=== WHAT YOU WILL DO ===
Reproduce the entries that follow, exactly and in full.

Short web captions:
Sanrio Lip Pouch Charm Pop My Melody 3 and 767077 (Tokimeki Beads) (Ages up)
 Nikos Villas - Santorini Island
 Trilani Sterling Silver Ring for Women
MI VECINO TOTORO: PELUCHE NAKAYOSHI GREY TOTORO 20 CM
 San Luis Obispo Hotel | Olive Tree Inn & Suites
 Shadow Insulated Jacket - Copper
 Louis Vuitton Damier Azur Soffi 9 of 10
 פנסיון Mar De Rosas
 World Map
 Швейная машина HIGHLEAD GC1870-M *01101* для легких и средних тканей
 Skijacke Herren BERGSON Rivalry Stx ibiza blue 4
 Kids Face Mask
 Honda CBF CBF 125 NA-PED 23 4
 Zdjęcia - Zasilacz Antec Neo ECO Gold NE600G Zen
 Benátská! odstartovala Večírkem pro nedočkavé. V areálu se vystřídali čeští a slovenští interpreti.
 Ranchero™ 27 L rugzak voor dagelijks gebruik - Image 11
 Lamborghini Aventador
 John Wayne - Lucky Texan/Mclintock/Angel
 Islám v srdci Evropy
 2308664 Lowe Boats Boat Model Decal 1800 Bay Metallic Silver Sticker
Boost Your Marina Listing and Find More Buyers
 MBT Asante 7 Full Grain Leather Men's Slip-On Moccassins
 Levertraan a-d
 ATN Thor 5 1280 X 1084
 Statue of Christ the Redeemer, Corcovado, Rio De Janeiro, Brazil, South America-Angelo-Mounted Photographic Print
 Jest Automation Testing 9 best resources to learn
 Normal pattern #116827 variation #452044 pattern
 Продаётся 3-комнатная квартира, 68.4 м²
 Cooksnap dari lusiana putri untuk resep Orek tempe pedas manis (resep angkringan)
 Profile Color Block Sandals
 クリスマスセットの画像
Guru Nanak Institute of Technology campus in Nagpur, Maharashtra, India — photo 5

=== ANSWER SPACE ===
Sanrio Lip Pouch Charm Pop My Melody 3 and 767077 (Tokimeki Beads) (Ages up)
 Nikos Villas - Santorini Island
 Trilani Sterling Silver Ring for Women
MI VECINO TOTORO: PELUCHE NAKAYOSHI GREY TOTORO 20 CM
 San Luis Obispo Hotel | Olive Tree Inn & Suites
 Shadow Insulated Jacket - Copper
 Louis Vuitton Damier Azur Soffi 9 of 10
 פנסיון Mar De Rosas
 World Map
 Швейная машина HIGHLEAD GC1870-M *01101* для легких и средних тканей
 Skijacke Herren BERGSON Rivalry Stx ibiza blue 4
 Kids Face Mask
 Honda CBF CBF 125 NA-PED 23 4
 Zdjęcia - Zasilacz Antec Neo ECO Gold NE600G Zen
 Benátská! odstartovala Večírkem pro nedočkavé. V areálu se vystřídali čeští a slovenští interpreti.
 Ranchero™ 27 L rugzak voor dagelijks gebruik - Image 11
 Lamborghini Aventador
 John Wayne - Lucky Texan/Mclintock/Angel
 Islám v srdci Evropy
 2308664 Lowe Boats Boat Model Decal 1800 Bay Metallic Silver Sticker
Boost Your Marina Listing and Find More Buyers
 MBT Asante 7 Full Grain Leather Men's Slip-On Moccassins
 Levertraan a-d
 ATN Thor 5 1280 X 1084
 Statue of Christ the Redeemer, Corcovado, Rio De Janeiro, Brazil, South America-Angelo-Mounted Photographic Print
 Jest Automation Testing 9 best resources to learn
 Normal pattern #116827 variation #452044 pattern
 Продаётся 3-комнатная квартира, 68.4 м²
 Cooksnap dari lusiana putri untuk resep Orek tempe pedas manis (resep angkringan)
 Profile Color Block Sandals
 クリスマスセットの画像
Guru Nanak Institute of Technology campus in Nagpur, Maharashtra, India — photo 5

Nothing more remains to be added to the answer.